- **Task to complete**: Every line of the data below is to be duplicated exactly, pictures excepted.

- **Information provided**:
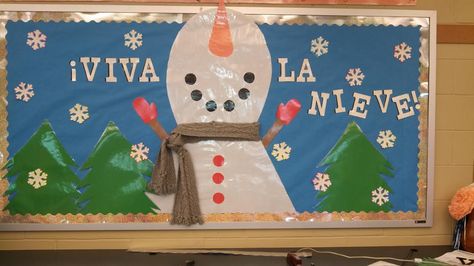 Let it snow bulletin board Let It Snow Bulletin Board Ideas, Snow Bulletin Board, Spanish Winter Bulletin Board Ideas, Spanish Christmas Bulletin Board, Spanish Class Christmas Door, Spanish Classroom Bulletin Boards, Singing Snowman Bulletin Board, Bulletin Board Christmas, Spanish Bulletin Boards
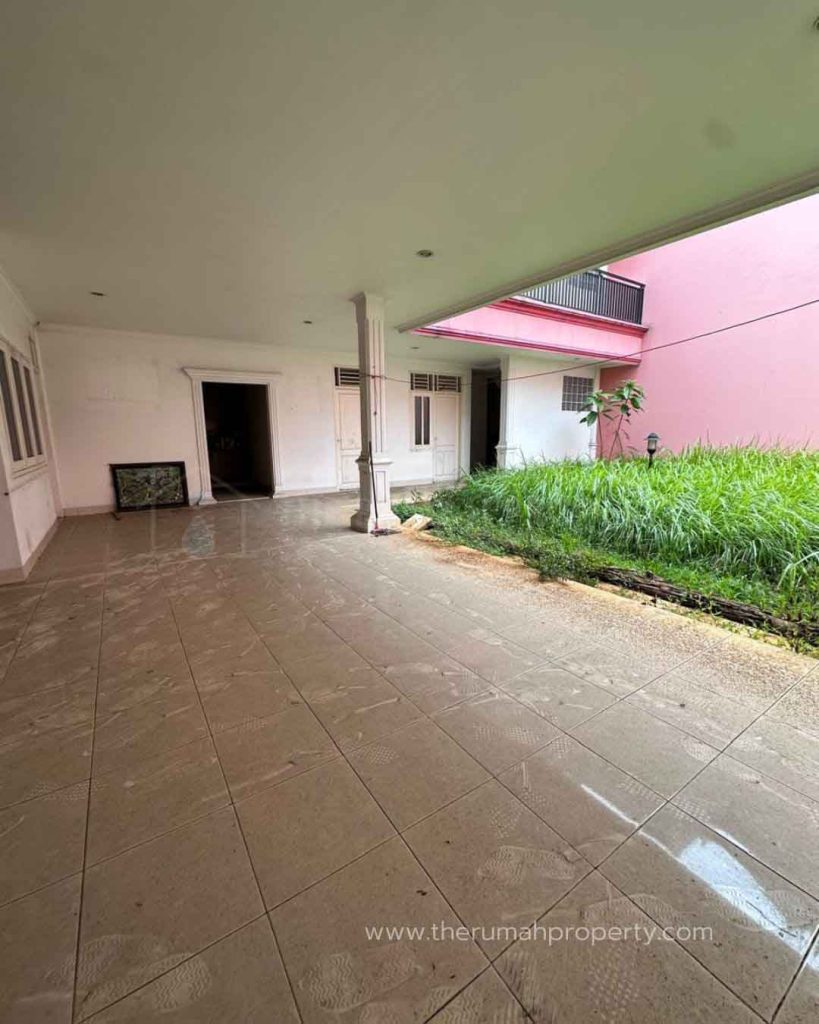 Sewa-Rumah-Pondok-Indah-Komplek-Elit-Jalan-Lebar-Lokasi-Premium-Bisa-Untuk-Office-7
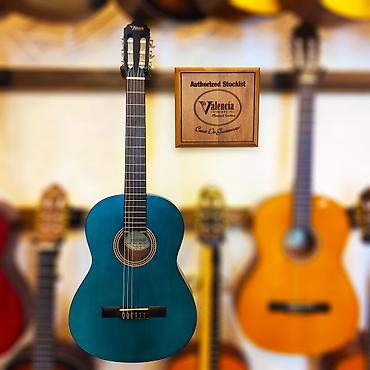 ukulele: Klassik gitara Valencia VC204TBU Üst:Sitka Spruce Qol: Ebonized — 1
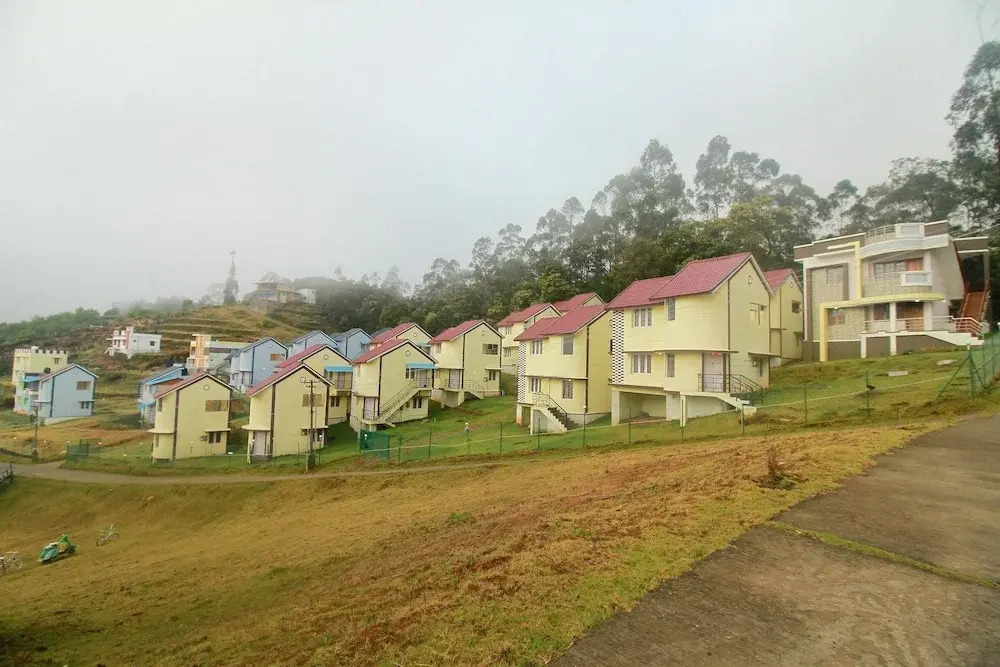 OYO 10620 Kodai Mist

- **Solution**:
 Let it snow bulletin board Let It Snow Bulletin Board Ideas, Snow Bulletin Board, Spanish Winter Bulletin Board Ideas, Spanish Christmas Bulletin Board, Spanish Class Christmas Door, Spanish Classroom Bulletin Boards, Singing Snowman Bulletin Board, Bulletin Board Christmas, Spanish Bulletin Boards
 Sewa-Rumah-Pondok-Indah-Komplek-Elit-Jalan-Lebar-Lokasi-Premium-Bisa-Untuk-Office-7
 ukulele: Klassik gitara Valencia VC204TBU Üst:Sitka Spruce Qol: Ebonized — 1
 OYO 10620 Kodai Mist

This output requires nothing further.